# Question DIY Riser, U-Boats & Carpet



## scottieGGGG (Nov 17, 2010)

Hello to all,

New to the forum, and have found some great information here. I've searched for this everywhere and cannot find anything concerning my issue. I feel that I must be missing something!!

I'm doing a basement HT setup. I planning to lay down some DRI-core sub-flooring as well as build a riser for my back row seating. When those are completed, I plan to have carpet installed.

Originally planed to build in the riser, but I've now heard about floating risers and discovered Auralex U-Boat Floor Floaters. I'm considering these between my riser and my sub-floor. However, I wondering about the gap (1/2" thick) that will occur between the riser and the DRI-core sub-flooring. Of course this gap is a good thing, as it leads to the "floating" riser. But what's the best way to carpet after the riser is in place?

Do I just terminate the carpet immediately in front of the riser? Wouldn't the gap be seen, and perhaps even a few of the U Boats installed around the perimeter of the riser?

Do I waterfall over the whole setup, similar to a staircase? While I never done the waterfall install myself, I would expect some wedging into where the riser meets the floor. Wouldn't the 1/2" gap make that difficult, if not visible, post install?

Riser is expected to reach the back wall and go edge to edge, so I need worry about the sides of the riser.

I certainly don't expect to carpet the entire floor (beneath riser), then carpet the riser by itself, and then place the riser on top of the carpeted floor. Seems like the U Boats are intended to work between riser and sub-floor.

I feel like I'm missing an obvious solution? Or I'm not realizing that it will all just work out (i.e. the gap is not that big and it's not noticeable).

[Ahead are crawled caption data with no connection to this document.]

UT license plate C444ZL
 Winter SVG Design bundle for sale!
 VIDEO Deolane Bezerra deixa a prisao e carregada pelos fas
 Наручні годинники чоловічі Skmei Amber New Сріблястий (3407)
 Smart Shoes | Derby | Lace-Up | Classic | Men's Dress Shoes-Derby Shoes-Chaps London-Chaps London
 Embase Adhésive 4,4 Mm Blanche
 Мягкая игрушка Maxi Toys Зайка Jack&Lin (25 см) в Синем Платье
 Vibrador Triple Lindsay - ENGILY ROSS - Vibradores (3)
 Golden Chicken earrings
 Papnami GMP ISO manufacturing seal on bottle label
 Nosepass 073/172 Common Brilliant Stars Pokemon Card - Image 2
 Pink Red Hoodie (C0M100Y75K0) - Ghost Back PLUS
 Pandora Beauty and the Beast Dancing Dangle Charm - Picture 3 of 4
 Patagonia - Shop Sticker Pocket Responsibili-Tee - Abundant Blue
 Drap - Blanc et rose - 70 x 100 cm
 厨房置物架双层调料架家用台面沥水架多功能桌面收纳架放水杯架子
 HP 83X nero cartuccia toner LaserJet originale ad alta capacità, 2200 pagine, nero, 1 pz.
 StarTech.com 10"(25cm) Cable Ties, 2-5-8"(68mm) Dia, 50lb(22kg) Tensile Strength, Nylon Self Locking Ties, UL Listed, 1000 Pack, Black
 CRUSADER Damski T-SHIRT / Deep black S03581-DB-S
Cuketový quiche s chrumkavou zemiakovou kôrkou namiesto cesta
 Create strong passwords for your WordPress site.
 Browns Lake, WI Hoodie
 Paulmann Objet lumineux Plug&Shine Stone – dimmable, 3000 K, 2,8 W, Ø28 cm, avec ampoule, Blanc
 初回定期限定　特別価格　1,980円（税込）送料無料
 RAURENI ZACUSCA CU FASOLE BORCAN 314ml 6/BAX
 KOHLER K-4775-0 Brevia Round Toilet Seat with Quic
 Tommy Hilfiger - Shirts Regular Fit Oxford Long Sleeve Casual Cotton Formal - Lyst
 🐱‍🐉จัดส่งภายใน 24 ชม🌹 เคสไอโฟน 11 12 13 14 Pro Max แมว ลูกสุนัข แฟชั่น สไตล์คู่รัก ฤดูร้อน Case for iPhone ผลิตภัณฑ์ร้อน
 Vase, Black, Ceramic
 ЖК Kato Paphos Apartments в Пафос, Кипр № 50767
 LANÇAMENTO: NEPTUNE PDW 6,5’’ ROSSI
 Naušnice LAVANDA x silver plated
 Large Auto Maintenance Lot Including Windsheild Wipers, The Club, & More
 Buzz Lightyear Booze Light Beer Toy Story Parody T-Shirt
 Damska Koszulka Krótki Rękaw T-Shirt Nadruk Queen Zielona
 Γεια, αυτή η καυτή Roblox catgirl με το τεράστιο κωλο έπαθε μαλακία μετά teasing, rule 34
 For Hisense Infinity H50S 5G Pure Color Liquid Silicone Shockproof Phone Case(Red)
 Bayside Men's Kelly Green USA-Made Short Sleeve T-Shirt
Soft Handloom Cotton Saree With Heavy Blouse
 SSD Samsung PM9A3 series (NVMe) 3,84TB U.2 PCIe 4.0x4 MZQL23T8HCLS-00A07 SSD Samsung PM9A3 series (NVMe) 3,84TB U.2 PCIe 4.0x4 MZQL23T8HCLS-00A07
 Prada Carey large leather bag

Thanks for any feedback, suggestions, or photos.

Scott


----------



## bpape (Sep 14, 2006)

Welcome to the Shack Scott.

For the perimeter U-Boats, you can cut off one side and use a screw into the inner portion of the riser frame to mitigate that problem. 

What I've seen some people do is just do the riser as you normally would - then add another board around the perimeter that's slightly wider so it comes down almost to the floor with that small gap. This maintains isolation between subfloor and riser (which honestly, IMO, isn't necessary when you're already floating a floor. 

Personally, I would use the Dri-Cor, then just build the riser right on top of it but not connect it to the walls. That's where you want to help with isolation a bit. Just a small gap is all that's needed around the perimeter to the wall. The baseboard will cover it with no problem.

Bryan


----------



## jhbrandt (Oct 28, 2009)

Scott,

Agreed.:T Be careful upon building your riser that you do not build a resonant structure. Apply appropriate damping material internally and brace any panels so that they are rigid and do not 'bonk' when knocked on. 

Cheers,
John


----------



## scottieGGGG (Nov 17, 2010)

Thanks John and Bryan for you thoughts,

The belief that the use of DRI-core is already "floating" the floor, also made me wonder if the U-Boats are necessary. I might just skip them altogether. I've sent an email to manufacturer, but haven't heard from them in days.... which kinda soured me a little.

As for damping, I've heard that you can put some rolled insulation inside the riser. I've heard that even rolls of R-13 is enough, which is what I plan to do. (quick, cheap, easily available) Any thoughts?

Thanks

Scott


----------



## bpape (Sep 14, 2006)

Fluffy insulation is fine. All we're looking to do is damp the cavity. I would recommend thicker though depending on riser height. No need to cram it in, just fill it. 

If you want it to do double duty, you can carve out larger holes in the face of the riser opening up the joist cavities so that it also acts as a broadband bass absorber. Carpet will go right over it but the bass will pass through like the carpet isn't even there.

Bryan


----------



## grinthock (Dec 17, 2010)

Scott;

Glad I came across your thread, as it seems you are doing exactly what I am planning as well.

My plan was two (or three) large chairs in front and a couch in the rear, on a riser, I am also building my floor using Dri-Core.

So were you planning to secure the riser to the floor or have it just sit on the floor as basically a carpeted box with insulation inside.


----------



## MatrixDweller (Jul 24, 2007)

You should be framing on top of the dricore for the best effect. That being said the riser should go on top of the Dricore. You could carpet the whole room and under the riser. You would then wrap the riser in carpet and "float" it on top of the floor. That would be the easiest way to carpet, but would use a bit more of it.

The other option would be to fix the riser to the Dricore and carpet over and around it. If you haven't done carpeting before you might want a pro to do it. It would be worth the couple hundred to install because a small mistake in measuring could cost you a bundle in carpet. I don't think U-Boats would do a whole lot since the dricore is already doing similar.

Remember to stuff your riser with insulation so that it doesn't resonate. It will also make it sound really solid.

Another alternative to dricore is Delta FL. You lay it down first and it's like the plastic side of dricore. You then put OSB or plywood on top and in some cases the flooring can go right on top of it. It's a bit cheaper and accomplishes the same task.


----------